M. nunca se ha considerado una mujer sexy. No es lo suficientemente alta ni voluminosa. Siempre ha preferido llevar el cabello corto y maquillarse todas las mañanas le provoca flojera. Su capacidad de socialización tampoco es la ideal: le cuesta ser “aventada”, le molesta la gente confianzuda y le huye al contacto físico de gente no cercana. Desde joven, M. ha sido un poco fría y siempre ha preferido enfocarse más en sus estudios e interminables lecturas que en su apariencia física por la que, toda la vida ha pensado, no se puede hacer mucho. Conseguir trabajo y hacer amigos ha significado un esfuerzo. Mientras muchas de sus amigas y conocidas han sido capaces de conseguir prácticamente cualquier cosa gracias a su poder de seducción: partiendo de una mirada, una postura, un escote, una mano en el muslo de un hombre, M. siempre prefirió esforzarse.

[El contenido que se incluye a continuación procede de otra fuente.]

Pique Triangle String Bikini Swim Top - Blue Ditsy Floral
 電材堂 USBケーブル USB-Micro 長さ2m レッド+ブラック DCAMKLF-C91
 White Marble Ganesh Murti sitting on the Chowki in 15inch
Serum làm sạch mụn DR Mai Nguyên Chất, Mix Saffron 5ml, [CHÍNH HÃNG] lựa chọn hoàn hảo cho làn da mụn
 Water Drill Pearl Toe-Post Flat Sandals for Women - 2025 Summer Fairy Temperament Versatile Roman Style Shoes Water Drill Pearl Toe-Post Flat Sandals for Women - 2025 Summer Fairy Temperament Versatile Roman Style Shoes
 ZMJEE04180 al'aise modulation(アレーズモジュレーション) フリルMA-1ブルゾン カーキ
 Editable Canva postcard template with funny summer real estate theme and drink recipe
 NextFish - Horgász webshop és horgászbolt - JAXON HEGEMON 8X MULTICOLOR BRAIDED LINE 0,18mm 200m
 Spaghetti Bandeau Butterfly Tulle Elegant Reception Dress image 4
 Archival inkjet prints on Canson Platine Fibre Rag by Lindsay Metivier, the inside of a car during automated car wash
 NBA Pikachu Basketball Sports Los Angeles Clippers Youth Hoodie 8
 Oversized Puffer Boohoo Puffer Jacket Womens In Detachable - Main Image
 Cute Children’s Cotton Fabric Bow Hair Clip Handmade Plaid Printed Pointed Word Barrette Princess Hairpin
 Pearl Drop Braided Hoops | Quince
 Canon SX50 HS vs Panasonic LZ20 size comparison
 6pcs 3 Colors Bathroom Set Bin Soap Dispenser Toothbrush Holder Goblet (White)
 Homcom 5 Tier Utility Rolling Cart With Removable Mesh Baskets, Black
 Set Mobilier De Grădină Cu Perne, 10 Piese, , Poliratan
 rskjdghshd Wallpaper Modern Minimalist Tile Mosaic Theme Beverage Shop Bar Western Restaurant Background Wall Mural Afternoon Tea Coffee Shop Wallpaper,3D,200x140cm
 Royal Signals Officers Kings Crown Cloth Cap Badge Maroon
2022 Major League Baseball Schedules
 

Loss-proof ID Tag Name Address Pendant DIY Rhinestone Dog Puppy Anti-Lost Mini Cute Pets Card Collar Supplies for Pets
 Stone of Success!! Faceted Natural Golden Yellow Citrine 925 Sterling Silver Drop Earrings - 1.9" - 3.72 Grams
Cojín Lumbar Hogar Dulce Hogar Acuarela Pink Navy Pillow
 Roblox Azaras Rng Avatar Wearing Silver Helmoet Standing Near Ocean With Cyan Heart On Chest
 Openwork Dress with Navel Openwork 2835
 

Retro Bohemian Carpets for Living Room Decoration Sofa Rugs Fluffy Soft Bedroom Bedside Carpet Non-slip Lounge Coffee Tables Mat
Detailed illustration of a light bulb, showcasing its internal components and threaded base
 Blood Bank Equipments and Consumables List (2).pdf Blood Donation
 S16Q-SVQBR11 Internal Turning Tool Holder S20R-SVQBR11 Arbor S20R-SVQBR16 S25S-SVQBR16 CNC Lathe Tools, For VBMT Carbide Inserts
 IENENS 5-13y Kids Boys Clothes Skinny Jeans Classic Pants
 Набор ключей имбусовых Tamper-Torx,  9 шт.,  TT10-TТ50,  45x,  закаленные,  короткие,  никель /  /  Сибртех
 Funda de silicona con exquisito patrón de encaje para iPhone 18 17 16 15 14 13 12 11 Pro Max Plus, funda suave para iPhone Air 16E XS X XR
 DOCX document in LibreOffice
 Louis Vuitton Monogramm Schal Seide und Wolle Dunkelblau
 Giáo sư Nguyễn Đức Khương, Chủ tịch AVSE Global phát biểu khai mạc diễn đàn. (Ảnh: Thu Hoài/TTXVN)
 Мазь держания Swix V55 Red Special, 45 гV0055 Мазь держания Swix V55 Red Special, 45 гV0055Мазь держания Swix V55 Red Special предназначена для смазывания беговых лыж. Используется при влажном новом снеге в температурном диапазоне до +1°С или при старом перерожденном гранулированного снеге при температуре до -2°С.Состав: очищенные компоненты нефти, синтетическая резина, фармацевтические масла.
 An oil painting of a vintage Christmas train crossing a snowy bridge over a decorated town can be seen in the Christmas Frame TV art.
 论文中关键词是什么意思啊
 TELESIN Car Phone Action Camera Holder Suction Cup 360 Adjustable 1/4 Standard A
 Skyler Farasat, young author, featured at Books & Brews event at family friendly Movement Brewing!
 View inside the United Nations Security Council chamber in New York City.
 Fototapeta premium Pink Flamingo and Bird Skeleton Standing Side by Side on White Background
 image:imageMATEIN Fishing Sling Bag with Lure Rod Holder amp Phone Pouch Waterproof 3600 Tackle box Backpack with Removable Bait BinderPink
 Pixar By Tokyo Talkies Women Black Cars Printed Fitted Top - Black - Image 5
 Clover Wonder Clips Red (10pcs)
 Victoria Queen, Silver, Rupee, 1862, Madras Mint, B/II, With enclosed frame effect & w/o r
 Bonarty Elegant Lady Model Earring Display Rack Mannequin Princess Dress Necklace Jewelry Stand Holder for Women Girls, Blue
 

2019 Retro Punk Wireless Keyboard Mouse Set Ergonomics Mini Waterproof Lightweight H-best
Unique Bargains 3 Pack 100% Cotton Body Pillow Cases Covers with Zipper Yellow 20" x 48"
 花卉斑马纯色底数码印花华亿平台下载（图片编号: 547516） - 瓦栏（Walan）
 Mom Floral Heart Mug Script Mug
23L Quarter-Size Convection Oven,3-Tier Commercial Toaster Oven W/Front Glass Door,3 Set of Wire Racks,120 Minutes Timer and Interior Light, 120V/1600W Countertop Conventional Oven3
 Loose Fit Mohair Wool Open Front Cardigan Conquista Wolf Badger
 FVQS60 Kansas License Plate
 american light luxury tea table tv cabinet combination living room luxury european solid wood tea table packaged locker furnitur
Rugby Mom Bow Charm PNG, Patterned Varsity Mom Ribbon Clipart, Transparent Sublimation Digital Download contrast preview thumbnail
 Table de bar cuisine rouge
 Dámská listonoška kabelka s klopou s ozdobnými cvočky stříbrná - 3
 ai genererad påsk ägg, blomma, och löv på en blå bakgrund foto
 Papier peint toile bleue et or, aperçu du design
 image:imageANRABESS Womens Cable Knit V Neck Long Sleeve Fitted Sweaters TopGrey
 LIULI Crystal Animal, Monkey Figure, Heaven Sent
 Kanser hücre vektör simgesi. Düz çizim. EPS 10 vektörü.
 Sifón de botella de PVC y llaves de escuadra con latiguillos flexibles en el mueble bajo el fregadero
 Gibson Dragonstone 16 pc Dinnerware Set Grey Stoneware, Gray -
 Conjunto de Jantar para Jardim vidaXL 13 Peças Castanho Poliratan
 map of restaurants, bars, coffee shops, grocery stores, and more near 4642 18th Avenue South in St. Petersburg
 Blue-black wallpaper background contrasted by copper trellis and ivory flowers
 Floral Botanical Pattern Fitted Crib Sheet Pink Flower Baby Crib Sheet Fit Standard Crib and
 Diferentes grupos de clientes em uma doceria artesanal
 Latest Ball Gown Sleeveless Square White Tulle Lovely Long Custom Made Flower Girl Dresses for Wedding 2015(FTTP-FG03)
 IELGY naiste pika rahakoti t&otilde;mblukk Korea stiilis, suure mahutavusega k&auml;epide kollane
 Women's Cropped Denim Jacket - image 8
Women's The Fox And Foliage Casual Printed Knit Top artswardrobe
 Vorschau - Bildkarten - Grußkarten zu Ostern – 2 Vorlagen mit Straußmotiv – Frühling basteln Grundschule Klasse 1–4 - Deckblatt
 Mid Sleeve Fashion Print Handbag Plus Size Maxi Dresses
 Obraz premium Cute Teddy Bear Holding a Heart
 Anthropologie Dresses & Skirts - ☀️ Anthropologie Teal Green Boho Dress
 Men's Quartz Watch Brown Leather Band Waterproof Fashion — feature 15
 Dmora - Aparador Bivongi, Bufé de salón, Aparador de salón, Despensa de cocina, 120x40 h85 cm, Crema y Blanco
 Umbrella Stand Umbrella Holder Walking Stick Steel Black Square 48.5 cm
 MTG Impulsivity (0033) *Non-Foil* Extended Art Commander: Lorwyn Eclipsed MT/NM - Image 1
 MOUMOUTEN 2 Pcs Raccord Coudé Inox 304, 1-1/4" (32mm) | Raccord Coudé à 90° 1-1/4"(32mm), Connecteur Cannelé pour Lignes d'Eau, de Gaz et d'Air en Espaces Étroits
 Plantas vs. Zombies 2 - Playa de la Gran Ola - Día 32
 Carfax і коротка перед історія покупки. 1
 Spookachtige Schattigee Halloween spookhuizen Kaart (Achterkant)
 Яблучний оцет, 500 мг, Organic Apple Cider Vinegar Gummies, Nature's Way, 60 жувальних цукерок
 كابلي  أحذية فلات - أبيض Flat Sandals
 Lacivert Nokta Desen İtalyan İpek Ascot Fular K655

M. está convencida de que es posible moverse en un mundo en el que no sean los estereotipos impuestos los que definan los logros que alguien puede tener. Ha conocido hombres lo suficientemente triviales e incapaces de auto controlarse que se han dejado seducir por mujeres arriesgando su relación, familia, trabajo o billetera, pero también sabe que existen muchos otros a los que ese marco de pensamiento no se los ha tragado. Sin embargo, y a pesar del absurdo que lo caracteriza, M. ha visto este patrón replicado por niños y adolescentes, quienes han aprendido, probablemente imitando modelos cercanos, que la sensualidad es una herramienta para obtener logros. Esto implica que la apariencia y la falsedad valen más que la honestidad y el conocimiento, que los méritos están, tanto en el dinero como en la manipulación que se pueda hacer de los demás. M. ha escuchado como muchas otras personas de casos en colegios privados en los que estudiantes de secundaria han acosado a estudiantes de primaria o niños de la misma edad han sido descubiertos replicando comportamientos probablemente aprendidos de programas de televisión a los que no deberían tener acceso. Pero no es sólo el acceso. La televisión nos ha vendido esa imagen a tal punto que los mismos adultos somos incapaces de discernir el sinsentido de una escena de la realidad, de lo que verdaderamente significa valorarse a uno mismo y a otras personas.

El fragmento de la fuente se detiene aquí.